September 06, 2005

Population growth or selective sweep (Part II)

In Population growth or selective sweep I reported on a recent Current Anthropology article which addressed the issue of whether current human mtDNA variation is best interpreted as a signal of a population expansion from a small founder population or the successful remainder of a selective sweep.

John Hawks, who advocates the selection hypothesis has responded to the article with a blog post titled Selection, nuclear genetic variation, and mtDNA. This should highlight the controversial nature of the subject, and the fact that we are far from reaching a consensus.

Personally, I have always been somewhat skeptical of the idea that much can be learned about our most ancient past from genetic variation in modern populations. Modern populations are the result of so many evolutionary processes involving selection, drift, and intermixture, both in Paleolithic and most recent (and more tumultuous) Neolithic-historical times.

Genetic models seem to be fairly inadequate to capture the richness of human prehistory, as they more often than not tend to be fairly simple, with a lot of "best guesses" given to critical parameters. This has led to at least one palaeoanthropologist (Erik Trinkaus) proposing that we should do away with them altogether:
The analyses of extant human molecular data generally have little biologically relevant statistical power (whatever probability values their statistical computations may generate); most analyses use analytical algorithms whose biological assumptions and appropriateness are unstated, untested, and frequently untestable; many assume demographic stability over the past 50,000–200,000 years (see above); most consider the human populational dynamics of the past 30 millennia to have been trivial; many use distance statistics and graphic techniques (such as dendrograms), which deny the reticulate nature of human population evolution (hence assuming replacement); a number of them invoke molecular clocks whose reliability and precision within the time period of concern is undemonstrated and/or whose calibration (based on the fossil record) is simply wrong; and many employ living human samples of opportunity when those samples have biases relative
to the issue of modern human origins. And finally, all of them have a real-time depth of perhaps a century, and the interpretations based on those data are dependent on their analytical assumptions. This last point is evident in the large number of articles concerned more with the analytical techniques and their assumptions than with interpreting the available data.

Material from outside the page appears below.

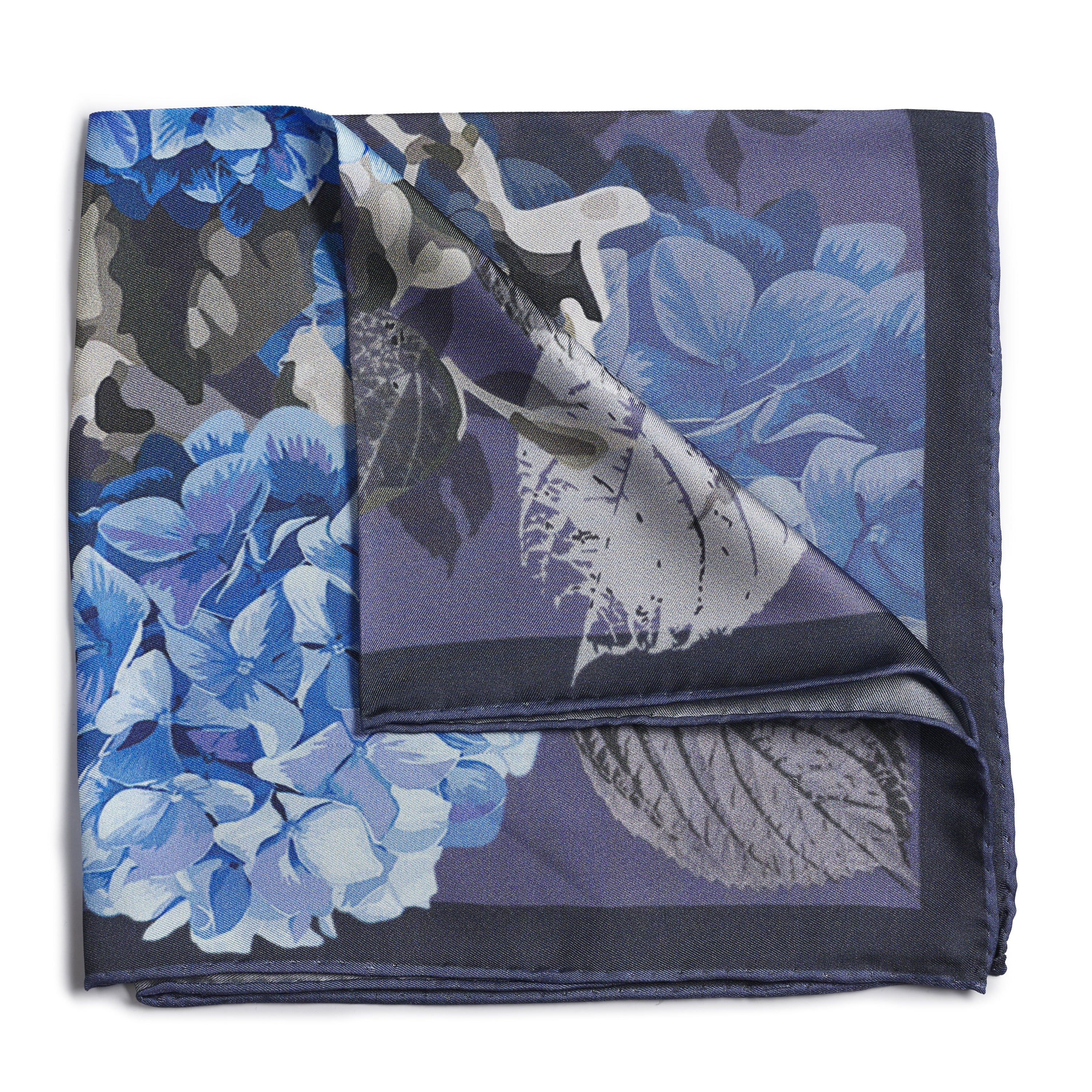 Hydrangea Mist Pocket Sqaure - Luxury handcrafted silk pocket square by Benson & Clegg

It would be heartening to think that things are better in palaeoanthropology, but non-genetic factors affecting morphology, significant dating uncertainties, unavailability of key fossils for study, as well as the largely spotty record (a few skulls over tens of thousands of years) probably make that field as unreliable as genetics.

Perhaps we don't yet have either the data or the tools to make authoritative inferences about our origins quite yet, but the process is certainly interesting!